DETAILED DESCRIPTION
[0048] Hereinafter, the present inventive concept will be explained
in more detail with reference to the accompanying drawings.
[0049] FIG. 1 is a block diagram illustrating a display apparatus
according to an exemplary embodiment of the present inventive
concept.
[0050] Referring to FIG. 1, the display apparatus may include a
display panel 100 and a display panel driver. The display panel
driver may include a driving controller 200, a gate driver 300, a
gamma reference voltage generator 400 and a data driver 500. The
display apparatus may further include a light source part BLU
providing light to the display panel 100 and a light source driver
600 driving the light source part BLU. The display apparatus may
further include a host 700 providing input image data to the
driving controller 200.
[0051] The display panel 100 may include a plurality of gate lines
GL, a plurality of data lines DL, and a plurality of pixels
electrically connected to the gate lines GL and the data lines DL.

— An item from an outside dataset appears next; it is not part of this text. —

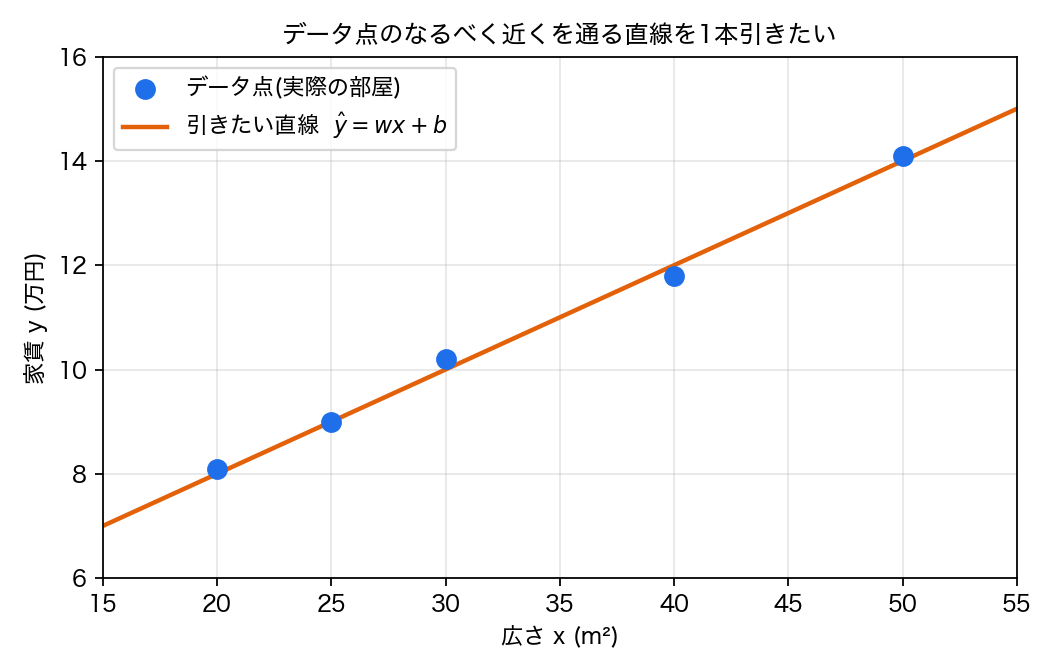 家賃データと引きたい直線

The gate lines GL may extend in a first direction D1 and the data
lines DL may extend in a second direction D2 crossing the first
direction D1.
[0052] The display panel 100 may include a first base substrate on
which the gate lines GL, the data lines DL, the pixels and
switching elements are disposed, a second base substrate facing the
first base substrate and including a common electrode, and a liquid
crystal layer disposed between the first base substrate and the
second base substrate.
[0053] The driving controller 200 may receive the input image data
IMG and an input control signal CONT from the host 700. For
example, the input image data IMG may include red image data, green
image data and blue image data. The input image data IMG may
include white image data. The input image data IMG may include
magenta image data, cyan image data, and yellow image data. The
input control signal CONT may include a master clock signal and a
data enable signal. The input control signal CONT may further
include a vertical synchronizing signal and a horizontal
synchronizing signal.
[0054] The driving controller 200 may generate a first control
signal CONT1, a second control signal CONT2, a third control signal
CONT3, and a data signal DATA based on the input image data IMG and
the input control signal CONT.
[0055] The driving controller 200 may generate the first control
signal CONT1 for controlling an operation of the gate driver 300
based on the input control signal CONT, and may output the first
control signal CONT1 to the gate driver 300. The first control
signal CONT1 may include a vertical start signal and a gate clock
signal.
[0056] The driving controller 200 may generate the second control
signal CONT2 for controlling an operation of the data driver 500
based on the input control signal CONT, and may output the second
control signal CONT2 to the data driver 500. The second control
signal CONT2 may include a horizontal start signal and a load
signal.
[0057] The driving controller 200 may generate the data signal DATA
based on the input image data IMG. The driving controller 200 may
output the data signal DATA to the data driver 500.
[0058] The driving controller 200 may generate the third control
signal CONT3 for controlling an operation of the gamma reference
voltage generator 400 based on the input control signal CONT, and
may output the third control signal CONT3 to the gamma reference
voltage generator 400.
[0059] The gate driver 300 may generate gate signals driving the
gate lines GL in response to the first control signal CONT1
received from the driving controller 200. The gate driver 300 may
output the gate signals to the gate lines GL.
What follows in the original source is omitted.